In the `dagster-dbt`reference they have a (conveni...
# ask-community
r
In the `dagster-dbt`reference they have a (conveniently...) simple example for how to read the table into a dataframe https://docs.dagster.io/integrations/dbt/reference#defining-an-io-manager This fails on my end, by all appearances because it fails to target the correct schema. The schemas are generated at runtime, so having to pass them manually would be a huge hassle. It does not appear to be stored in the asset metadata automatically, but please tell me there is some way of adding it? Can I use the inputs
runtime_metadata_fn
receives - for some reason it doesn't get the
node_info
?
o
hi @Rasmus Bonnevie! When you say that the schema is generated at runtime, what runtime is this referring to? Is the schema known at the point that
dbt compile
is executed, or is it not known until
dbt run
? If the schema is known at compile time, then I think the best course of action would be to make the asset key that's generated for each model dependent on the schema. That would look like
Copy code
def get_node_asset_key(node_info):
    return AssetKey([node_info["schema"], node_info["name"]])

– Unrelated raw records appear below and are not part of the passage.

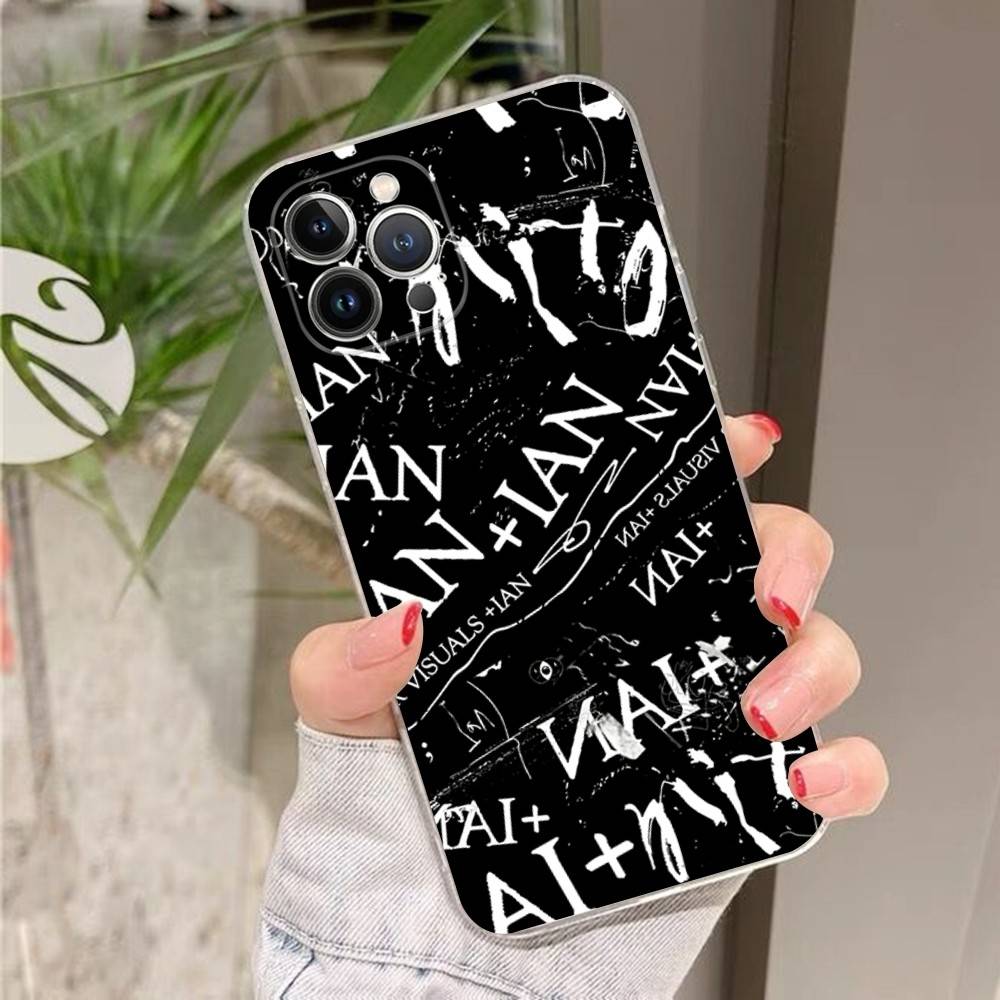 Чехол для телефона Mito Dpr Ian для iPhone 17 16 15 14 Plus 13 12 11 Pro Max Прозрачный противоударный чехол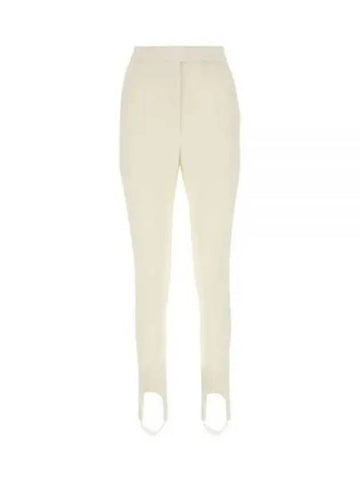 Women s Tailored Pants Ivory 23113102 - MAX MARA - BALAAN 1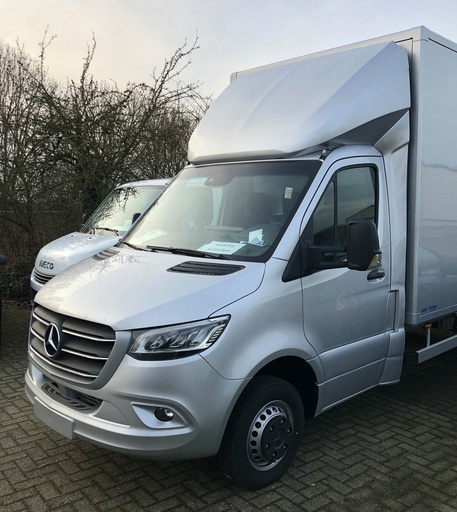 [20961895] 3D SPOILER VOOR MERCEDES SPRINTER 2018+ | Hoogte 93cm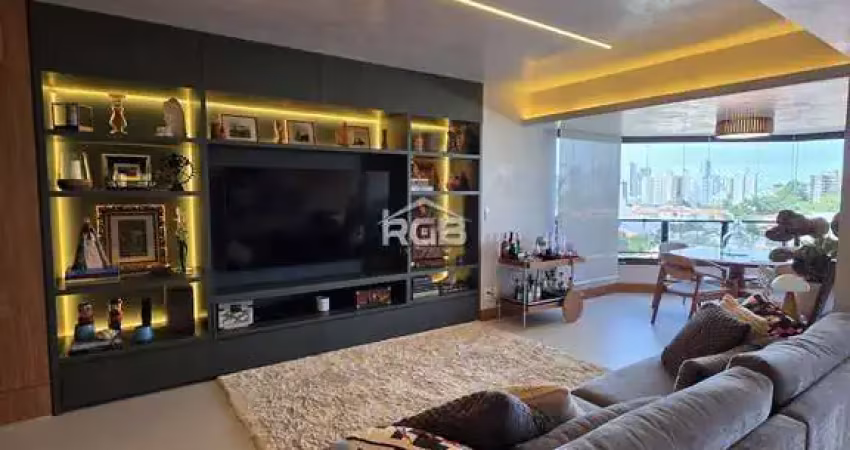 Lindo apartamento 4/4 (3 suítes) no itaigara r$ 2.050.000,00
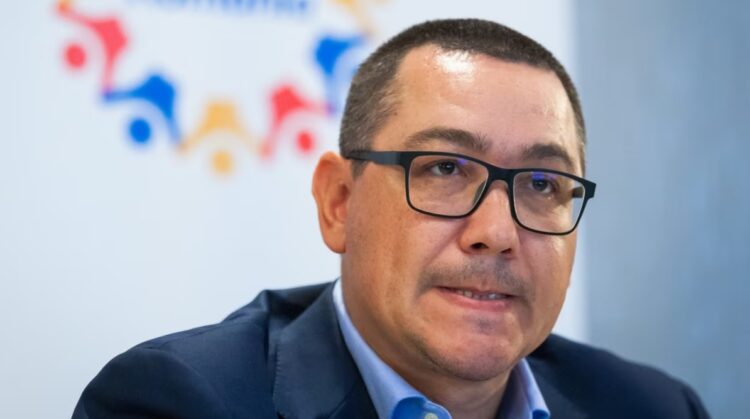 Victor Ponta: „Opoziția e AUR. Eu vorbesc cu George Simion. Îl întreb: mâine te pune premier. Cine e la Finanțe?”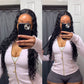 BURMESE CURLY LACE FRONT WIG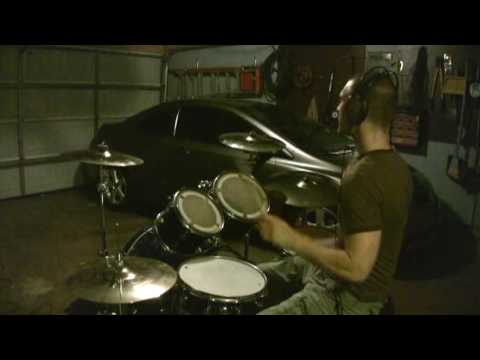 Cynthia Harrell - Snake Eater Drum Cover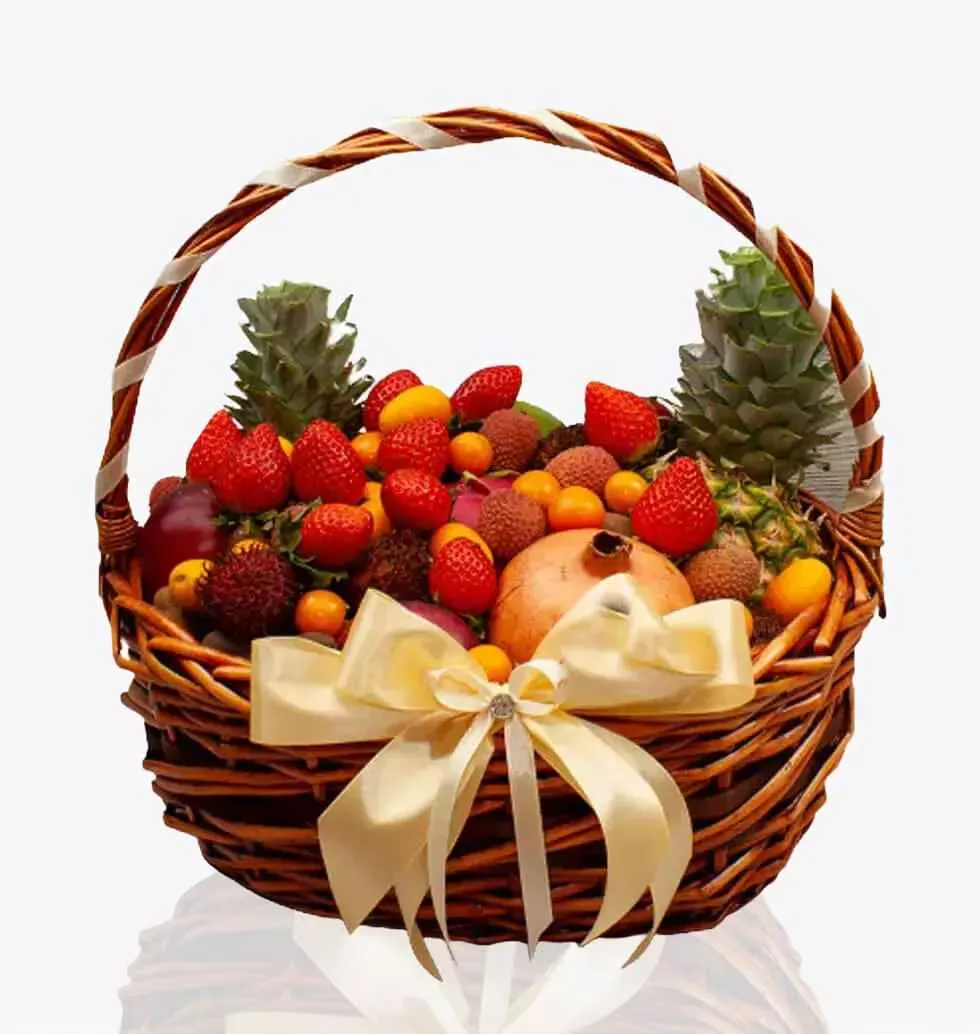 "Pineapple" Fruit Basket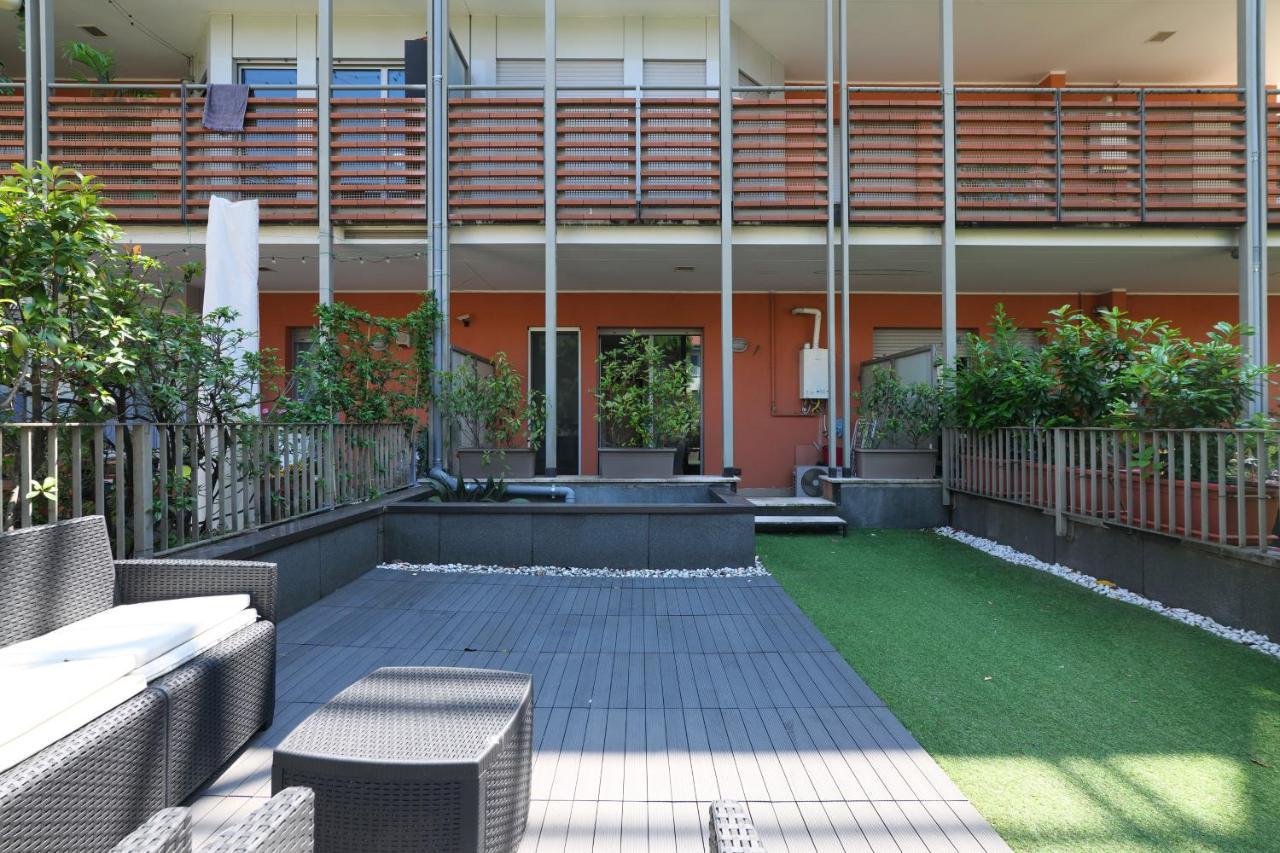 Contempora Apartments - Monolocale Con Terrazza Via F. De Sanctis, 41 米兰 外观 照片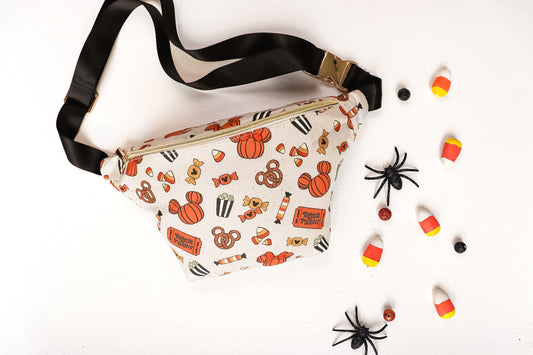 Spooky Treats: Jumbo Belt Bag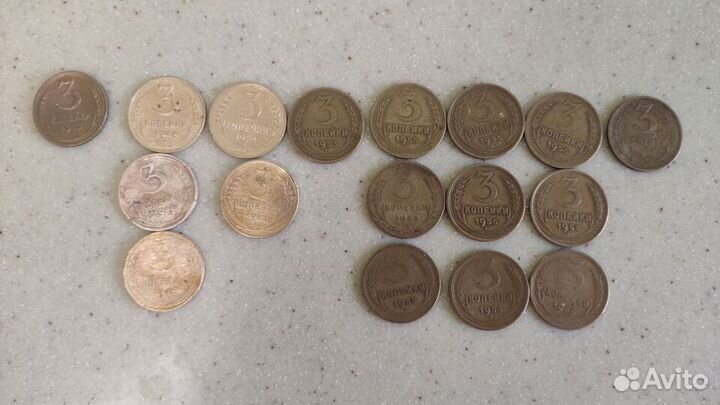 Монеты СССР. Ранние советы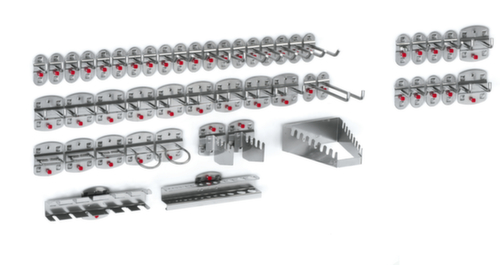 Kappes Hakenassortiment RasterPlan® voor geperforeerde plaat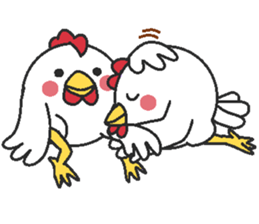 Love oriental Zodiac[rooster] sticker #13199515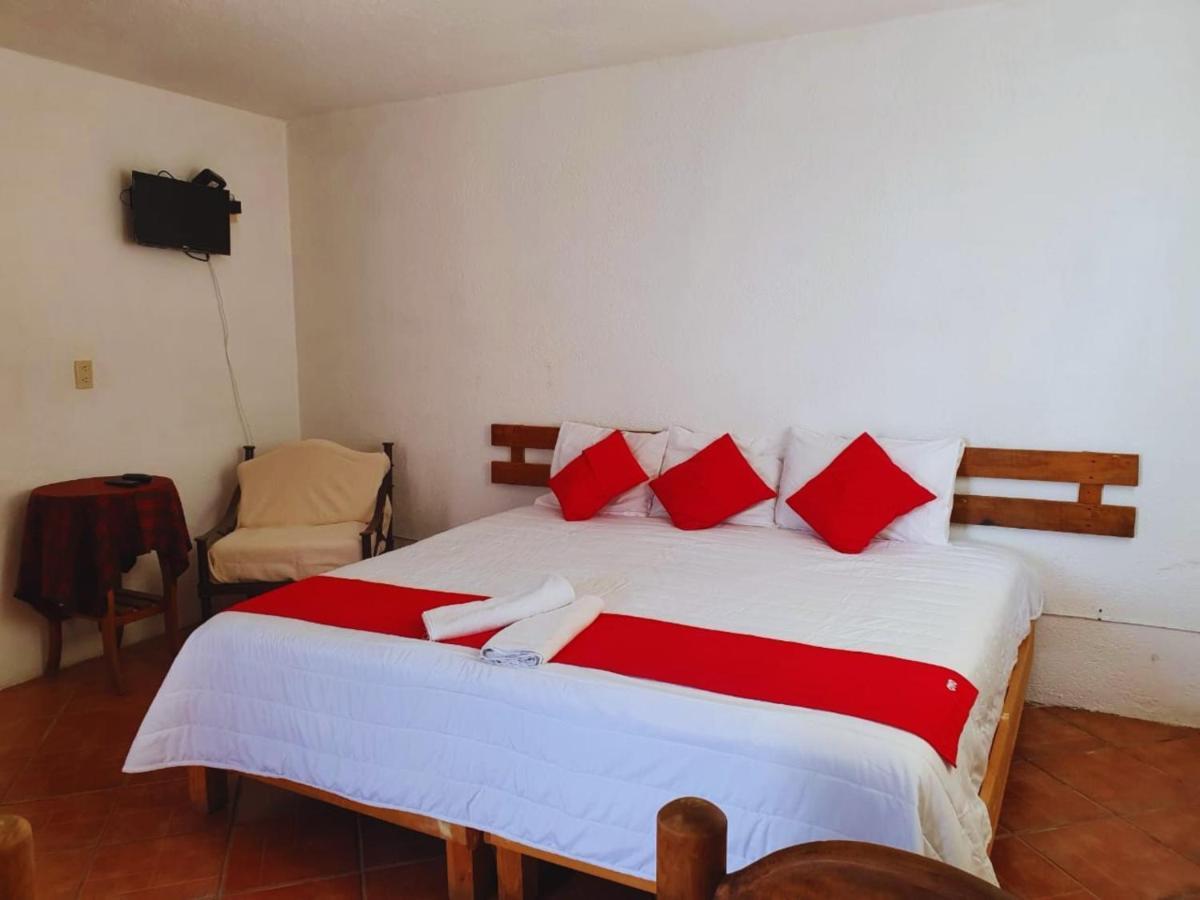 Hotel Paraje Casa Blanca San Agustín Etla Eksteriør billede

load_assets_from_dbt_manifest(
    ...,
    node_info_to_asset_key=get_node_asset_key,
)
Then, in the IOManager, you could have
Copy code
schema_name = context.asset_key.path[-2]
table_name = context.asset_key.path[-1]
and go from there.
r
Hi @owen 🙂 I guess it is at
compile
, I'm not doing anything too obscure. I follow the DBT guidelines where I have separate development and production schemas encoded in
profiles.yml
, i.e.
dev_rasmus
for me, and then I use
+schema: foo
for some directories in
dbt_project.yml
to add some structure, which gets compiled to a schema of
dev_rasmus_foo
for those models. I'd rather not have my asset keys depend on my user schema and it's also a bit inconvenient to have to rebuild the schema with all suffixes manually for each table, if I'm e.g. generating in a loop. My user schema even depends on an environment variable, so I'd have to parse that too if I were to e.g. read the
profiles.yml
in as a resource/asset.
okay, it seems like the second input to
runtime_metadata_fn
is actually the necessary metadata/configuration, but even when I add e.g. database and schema to the DBT asset as metadata, it is not accessible in the IO
input_manager
I've added, at least not on the
upstream_output.metadata
which is empty.
o
ah I see, that is a bit tricky. right now, the metadata attached to the upstream output is not forwarded along to downstream steps (it just gets stored in the database). the
input_context.metadata
field is referencing metadata that is baked into the definition of the output, rather than anything that's generated at runtime (the runtime metadata is more for bookkeeping purposes). as for a workaround, I'd recommend the (somewhat painful) approach of replicating the schema name logic when configuring your IOManager. right now, the asset key for each model will depend on the configured schema (but not the base schema). So if you have
model_a
with
+schema: foo
applied to it, it should get the asset key
["foo", "model_a"]
, whereas
model_b
with no schema configured for it will just be
["model_b"]
. you'll then want to have an IOManager that can be configured with a
base_schema
property, i.e.
Copy code
def MyIOManager(IOManager):
    def __init__(self, base_schema: str):
        self.base_schema = base_schema
    
    def _get_schema(self, context):
        if len(context.asset_key.path) == 2:
            return f"{self.base_schema}_{context.asset_key.path[0]}"
        return self.base_schema
    ...

@io_manager(config_schema={"base_schema": str})
def my_io_manager(context):
    return MyIOManager(base_schema=context.resource_config["base_schema"])
As you note, this would require you to duplicate some config between
profiles.yml
and dagster, i.e.
Copy code
dev_io_manager = my_io_manager.configured({"base_schema": os.getenv("...")})

prod_io_manager = my_io_manager.configured({"base_schema": "something"})
but it should at least unblock you
r
yes, this was more or less what I ended up doing, but it just seemed like such a basic problem (especially with all that DBT metadata right there for the taking) that I was sure there must be some better alternative I was missing 🫤 A slightly more satisfying solution might be to have a profile resource that reads from
profiles.yml
so that you can access the schema? But the nicest would still be to be able to read it from the dbt table asset directly.
r
just to +1 here, with bigquery it ends up being quite clunky since the dbt profile is really only a billing project + auth, and you can actually read and write across both projects and datasets with a single profile. For our setup we also do the dbt_${USER} prefix on all datasets. If we could access the full metadata (project, dataset, table) it would allow us to use a single io manager across not only datasets but also projects. Our workaround for now is to have an io manager per project (which then requires knowing which IO manager is required for a particular dbt asset) and the _${USER} hack encoded in our io manager. Not the end of the world but would be nice to clean up at some point!